→ **Exercise prompt**: Transcribe exactly the line containing "this 250×188 image." and every line after it, through the end of the records below.

(Stored data entries)
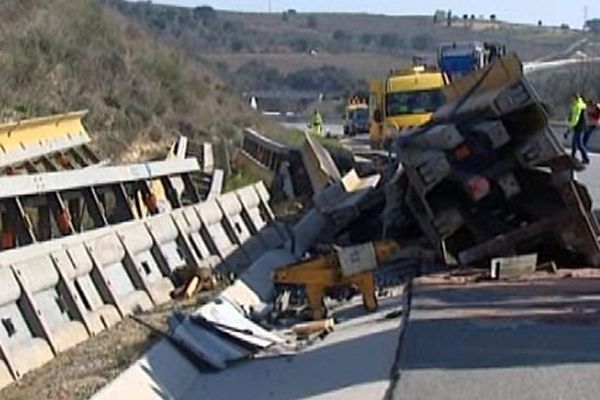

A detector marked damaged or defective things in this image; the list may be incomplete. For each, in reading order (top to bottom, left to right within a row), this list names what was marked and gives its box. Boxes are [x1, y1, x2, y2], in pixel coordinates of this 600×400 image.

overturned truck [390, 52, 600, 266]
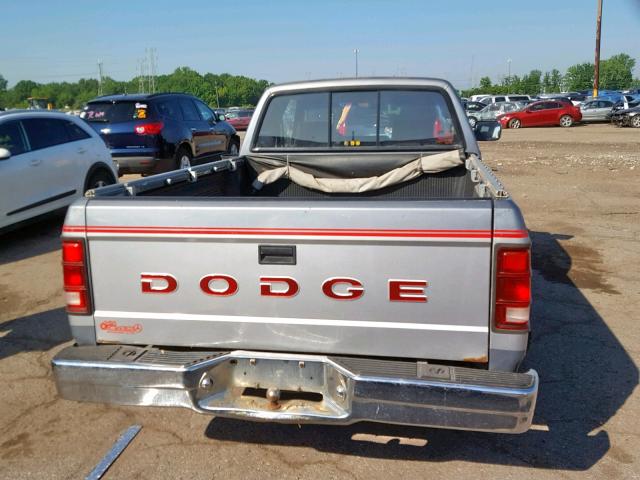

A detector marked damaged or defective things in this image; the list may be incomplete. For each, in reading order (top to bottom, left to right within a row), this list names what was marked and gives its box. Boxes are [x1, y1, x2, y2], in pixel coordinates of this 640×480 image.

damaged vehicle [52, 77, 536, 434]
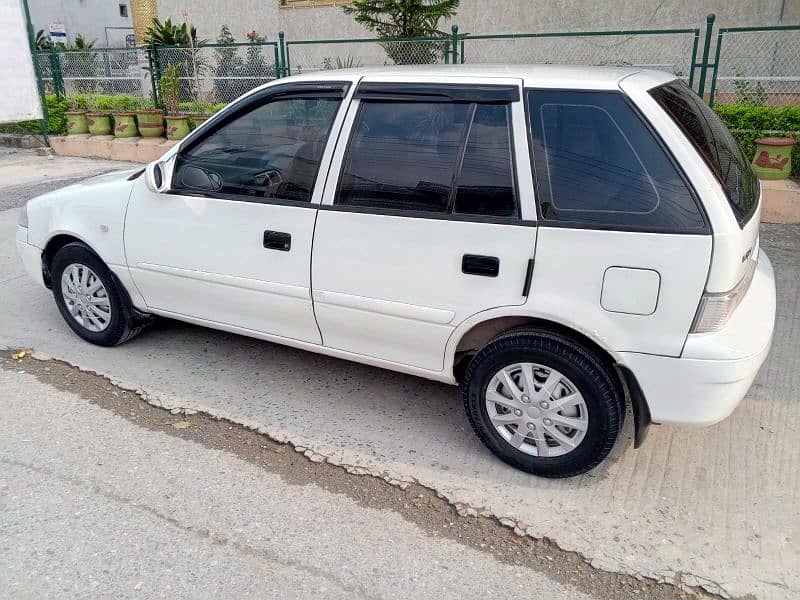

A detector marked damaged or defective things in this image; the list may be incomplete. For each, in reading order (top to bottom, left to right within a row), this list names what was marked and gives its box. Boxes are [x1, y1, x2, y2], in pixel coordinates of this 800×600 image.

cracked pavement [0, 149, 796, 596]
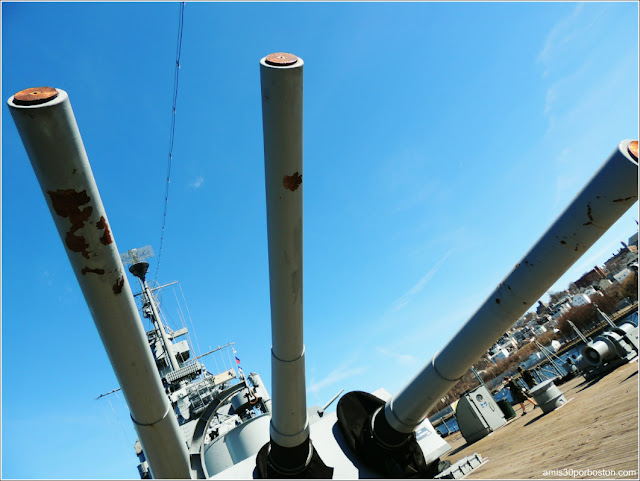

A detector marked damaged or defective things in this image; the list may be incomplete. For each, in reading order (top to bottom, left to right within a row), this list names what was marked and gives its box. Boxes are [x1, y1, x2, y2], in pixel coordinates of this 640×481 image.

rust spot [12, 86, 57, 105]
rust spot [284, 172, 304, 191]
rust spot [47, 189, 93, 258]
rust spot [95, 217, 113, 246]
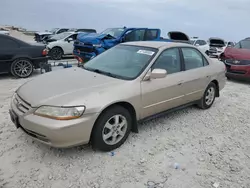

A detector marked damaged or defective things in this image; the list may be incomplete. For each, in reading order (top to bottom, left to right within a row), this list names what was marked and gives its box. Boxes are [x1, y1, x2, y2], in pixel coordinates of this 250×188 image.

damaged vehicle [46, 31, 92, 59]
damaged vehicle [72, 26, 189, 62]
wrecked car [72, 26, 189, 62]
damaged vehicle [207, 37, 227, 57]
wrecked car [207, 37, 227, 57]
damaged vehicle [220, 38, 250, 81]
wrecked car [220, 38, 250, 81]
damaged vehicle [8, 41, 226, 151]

→ **Written response**:
A detector marked damaged or defective things in this image; the list may be incomplete. For each, in reading order (top to bottom, left to right within a row), this list names what was marked and gives its box. Boxes are [x1, y1, x2, y2], in pixel coordinates of this 250×188 image.

damaged vehicle [46, 31, 92, 59]
damaged vehicle [72, 26, 189, 62]
wrecked car [72, 26, 189, 62]
damaged vehicle [207, 37, 227, 57]
wrecked car [207, 37, 227, 57]
damaged vehicle [220, 38, 250, 81]
wrecked car [220, 38, 250, 81]
damaged vehicle [8, 41, 226, 151]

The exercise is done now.